ACTION ITEM =>
Note how many lines in these entries contain "Autumn", and reply with that number alone.

STORED DATA =>
Segment Open
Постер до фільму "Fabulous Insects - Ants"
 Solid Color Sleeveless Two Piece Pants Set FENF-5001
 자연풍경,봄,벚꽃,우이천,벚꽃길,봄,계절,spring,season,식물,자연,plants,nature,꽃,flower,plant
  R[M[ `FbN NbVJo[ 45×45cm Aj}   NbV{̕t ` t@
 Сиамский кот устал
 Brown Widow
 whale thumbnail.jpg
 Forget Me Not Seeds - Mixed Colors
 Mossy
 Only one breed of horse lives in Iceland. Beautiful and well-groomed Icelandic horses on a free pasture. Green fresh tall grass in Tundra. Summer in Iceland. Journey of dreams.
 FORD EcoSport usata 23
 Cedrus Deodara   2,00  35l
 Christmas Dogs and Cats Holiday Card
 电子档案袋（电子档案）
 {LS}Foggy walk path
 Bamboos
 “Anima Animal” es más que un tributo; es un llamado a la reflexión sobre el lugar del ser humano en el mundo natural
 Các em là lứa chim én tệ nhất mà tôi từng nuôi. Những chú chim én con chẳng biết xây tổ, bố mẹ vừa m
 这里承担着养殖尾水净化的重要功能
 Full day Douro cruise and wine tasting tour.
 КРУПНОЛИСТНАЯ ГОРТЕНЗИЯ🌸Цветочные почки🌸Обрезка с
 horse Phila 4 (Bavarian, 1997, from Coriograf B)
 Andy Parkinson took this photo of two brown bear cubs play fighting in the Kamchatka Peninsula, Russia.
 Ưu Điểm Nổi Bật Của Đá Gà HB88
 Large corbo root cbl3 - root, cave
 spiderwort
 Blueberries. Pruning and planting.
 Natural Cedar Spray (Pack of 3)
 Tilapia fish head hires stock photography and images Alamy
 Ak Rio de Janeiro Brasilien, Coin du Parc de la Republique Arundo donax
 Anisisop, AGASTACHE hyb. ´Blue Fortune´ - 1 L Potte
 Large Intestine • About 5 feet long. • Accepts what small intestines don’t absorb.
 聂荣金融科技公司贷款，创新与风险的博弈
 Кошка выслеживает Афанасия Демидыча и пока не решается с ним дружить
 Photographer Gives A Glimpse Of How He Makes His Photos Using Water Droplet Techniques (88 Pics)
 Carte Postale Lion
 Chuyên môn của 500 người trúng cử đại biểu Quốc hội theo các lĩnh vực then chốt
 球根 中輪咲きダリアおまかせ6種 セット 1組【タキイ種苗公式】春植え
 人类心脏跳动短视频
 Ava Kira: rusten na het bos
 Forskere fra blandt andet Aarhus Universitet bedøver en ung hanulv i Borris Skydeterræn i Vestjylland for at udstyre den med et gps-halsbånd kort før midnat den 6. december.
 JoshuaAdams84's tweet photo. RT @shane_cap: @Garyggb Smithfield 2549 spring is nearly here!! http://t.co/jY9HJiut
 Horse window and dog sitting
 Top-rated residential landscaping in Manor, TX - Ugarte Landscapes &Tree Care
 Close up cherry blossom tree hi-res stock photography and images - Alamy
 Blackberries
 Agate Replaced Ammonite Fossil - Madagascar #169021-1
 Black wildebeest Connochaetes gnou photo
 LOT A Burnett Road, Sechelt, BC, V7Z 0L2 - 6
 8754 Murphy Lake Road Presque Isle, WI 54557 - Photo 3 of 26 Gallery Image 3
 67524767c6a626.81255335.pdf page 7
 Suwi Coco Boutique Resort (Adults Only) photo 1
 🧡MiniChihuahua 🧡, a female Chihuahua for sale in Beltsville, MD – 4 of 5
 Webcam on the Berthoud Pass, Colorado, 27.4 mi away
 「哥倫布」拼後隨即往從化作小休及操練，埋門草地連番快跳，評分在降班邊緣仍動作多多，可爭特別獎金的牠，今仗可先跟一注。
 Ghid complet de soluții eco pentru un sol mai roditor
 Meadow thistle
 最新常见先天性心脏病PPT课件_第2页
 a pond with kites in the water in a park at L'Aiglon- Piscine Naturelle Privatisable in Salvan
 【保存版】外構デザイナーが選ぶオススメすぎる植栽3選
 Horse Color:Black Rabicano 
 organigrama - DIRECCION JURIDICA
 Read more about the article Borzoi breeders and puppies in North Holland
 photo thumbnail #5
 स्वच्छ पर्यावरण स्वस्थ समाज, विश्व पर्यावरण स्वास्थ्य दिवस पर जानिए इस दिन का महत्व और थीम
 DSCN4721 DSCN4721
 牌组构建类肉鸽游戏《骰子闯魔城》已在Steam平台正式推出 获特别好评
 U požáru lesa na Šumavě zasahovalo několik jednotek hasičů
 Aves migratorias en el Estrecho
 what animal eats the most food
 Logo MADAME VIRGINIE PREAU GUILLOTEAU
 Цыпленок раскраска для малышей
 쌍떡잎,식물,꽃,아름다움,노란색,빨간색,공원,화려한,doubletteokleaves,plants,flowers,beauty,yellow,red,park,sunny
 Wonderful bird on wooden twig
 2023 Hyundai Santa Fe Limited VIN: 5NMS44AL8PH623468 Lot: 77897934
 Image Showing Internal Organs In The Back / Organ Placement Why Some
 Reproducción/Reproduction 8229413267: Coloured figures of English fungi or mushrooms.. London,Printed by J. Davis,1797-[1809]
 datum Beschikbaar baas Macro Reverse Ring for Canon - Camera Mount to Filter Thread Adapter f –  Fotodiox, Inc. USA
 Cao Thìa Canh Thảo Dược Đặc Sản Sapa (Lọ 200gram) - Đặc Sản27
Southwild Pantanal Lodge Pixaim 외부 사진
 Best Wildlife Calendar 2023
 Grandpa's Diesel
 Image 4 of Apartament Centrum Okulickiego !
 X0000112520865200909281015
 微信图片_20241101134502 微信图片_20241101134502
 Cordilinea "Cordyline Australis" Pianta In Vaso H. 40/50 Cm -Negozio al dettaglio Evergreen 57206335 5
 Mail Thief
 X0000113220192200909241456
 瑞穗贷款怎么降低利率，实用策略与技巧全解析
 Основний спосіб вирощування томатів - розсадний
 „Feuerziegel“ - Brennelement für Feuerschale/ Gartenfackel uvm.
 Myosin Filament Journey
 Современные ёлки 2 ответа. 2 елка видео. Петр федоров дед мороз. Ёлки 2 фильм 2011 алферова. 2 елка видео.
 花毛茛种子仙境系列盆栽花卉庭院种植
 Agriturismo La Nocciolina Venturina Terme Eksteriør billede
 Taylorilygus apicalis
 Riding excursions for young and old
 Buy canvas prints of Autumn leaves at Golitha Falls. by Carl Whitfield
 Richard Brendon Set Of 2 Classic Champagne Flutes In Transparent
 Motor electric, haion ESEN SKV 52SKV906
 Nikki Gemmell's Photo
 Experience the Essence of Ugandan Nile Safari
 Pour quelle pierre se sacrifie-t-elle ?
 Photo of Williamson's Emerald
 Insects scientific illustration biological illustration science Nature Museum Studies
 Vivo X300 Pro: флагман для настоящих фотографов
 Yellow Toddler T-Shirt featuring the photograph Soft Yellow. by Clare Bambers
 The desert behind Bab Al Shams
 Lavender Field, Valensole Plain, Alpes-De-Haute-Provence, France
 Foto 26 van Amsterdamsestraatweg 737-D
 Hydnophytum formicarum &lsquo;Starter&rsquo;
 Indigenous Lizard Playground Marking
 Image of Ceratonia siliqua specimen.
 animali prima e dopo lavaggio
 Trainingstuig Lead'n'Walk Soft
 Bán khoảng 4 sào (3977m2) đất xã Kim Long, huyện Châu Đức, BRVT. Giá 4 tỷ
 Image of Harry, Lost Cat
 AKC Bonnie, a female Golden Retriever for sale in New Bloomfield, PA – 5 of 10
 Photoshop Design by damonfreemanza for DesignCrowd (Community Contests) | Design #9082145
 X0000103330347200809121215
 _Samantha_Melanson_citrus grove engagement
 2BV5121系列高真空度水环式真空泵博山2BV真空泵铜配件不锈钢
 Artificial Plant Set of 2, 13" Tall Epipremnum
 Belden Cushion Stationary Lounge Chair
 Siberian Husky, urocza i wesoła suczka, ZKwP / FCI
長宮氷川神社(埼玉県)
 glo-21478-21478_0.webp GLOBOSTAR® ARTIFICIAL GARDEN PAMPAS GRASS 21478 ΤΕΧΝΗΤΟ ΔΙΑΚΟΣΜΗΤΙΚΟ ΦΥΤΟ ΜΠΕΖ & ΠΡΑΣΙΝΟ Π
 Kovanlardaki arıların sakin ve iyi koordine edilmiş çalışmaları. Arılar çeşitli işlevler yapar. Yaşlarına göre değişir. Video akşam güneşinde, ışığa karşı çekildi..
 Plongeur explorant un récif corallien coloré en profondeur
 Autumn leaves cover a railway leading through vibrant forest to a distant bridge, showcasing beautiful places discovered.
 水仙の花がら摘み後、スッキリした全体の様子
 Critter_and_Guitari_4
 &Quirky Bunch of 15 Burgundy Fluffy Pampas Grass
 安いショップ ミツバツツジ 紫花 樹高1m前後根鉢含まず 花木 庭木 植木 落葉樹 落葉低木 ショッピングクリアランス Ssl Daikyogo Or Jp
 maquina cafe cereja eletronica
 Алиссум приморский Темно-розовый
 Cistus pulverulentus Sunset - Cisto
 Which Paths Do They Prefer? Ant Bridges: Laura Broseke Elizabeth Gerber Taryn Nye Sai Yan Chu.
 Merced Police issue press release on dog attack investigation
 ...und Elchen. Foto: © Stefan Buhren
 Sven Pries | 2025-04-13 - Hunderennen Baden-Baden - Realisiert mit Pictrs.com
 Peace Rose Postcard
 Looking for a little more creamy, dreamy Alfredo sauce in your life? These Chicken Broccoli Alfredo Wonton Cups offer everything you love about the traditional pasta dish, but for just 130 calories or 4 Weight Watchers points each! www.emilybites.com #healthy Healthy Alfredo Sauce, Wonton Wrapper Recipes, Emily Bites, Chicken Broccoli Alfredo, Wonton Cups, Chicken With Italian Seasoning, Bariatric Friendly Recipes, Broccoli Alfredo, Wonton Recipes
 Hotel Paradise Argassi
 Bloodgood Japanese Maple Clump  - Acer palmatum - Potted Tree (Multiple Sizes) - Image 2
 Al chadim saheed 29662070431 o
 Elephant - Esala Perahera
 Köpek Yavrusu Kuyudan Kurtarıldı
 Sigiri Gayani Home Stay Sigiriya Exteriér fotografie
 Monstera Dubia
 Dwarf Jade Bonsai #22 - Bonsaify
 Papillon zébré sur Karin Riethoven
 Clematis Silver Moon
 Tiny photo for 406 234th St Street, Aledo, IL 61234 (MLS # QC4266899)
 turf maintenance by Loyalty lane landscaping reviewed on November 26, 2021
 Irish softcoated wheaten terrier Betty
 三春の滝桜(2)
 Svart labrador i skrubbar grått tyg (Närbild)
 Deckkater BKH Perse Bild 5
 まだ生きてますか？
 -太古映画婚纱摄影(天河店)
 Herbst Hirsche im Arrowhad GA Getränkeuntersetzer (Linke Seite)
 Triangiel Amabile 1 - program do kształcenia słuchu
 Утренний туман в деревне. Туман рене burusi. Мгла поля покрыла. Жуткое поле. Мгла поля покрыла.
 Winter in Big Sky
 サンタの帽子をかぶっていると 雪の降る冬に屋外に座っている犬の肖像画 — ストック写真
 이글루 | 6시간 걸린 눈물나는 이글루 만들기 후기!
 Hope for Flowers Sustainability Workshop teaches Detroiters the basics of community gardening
Segment Closed
SOLUTION FOR THIS TASK =>
2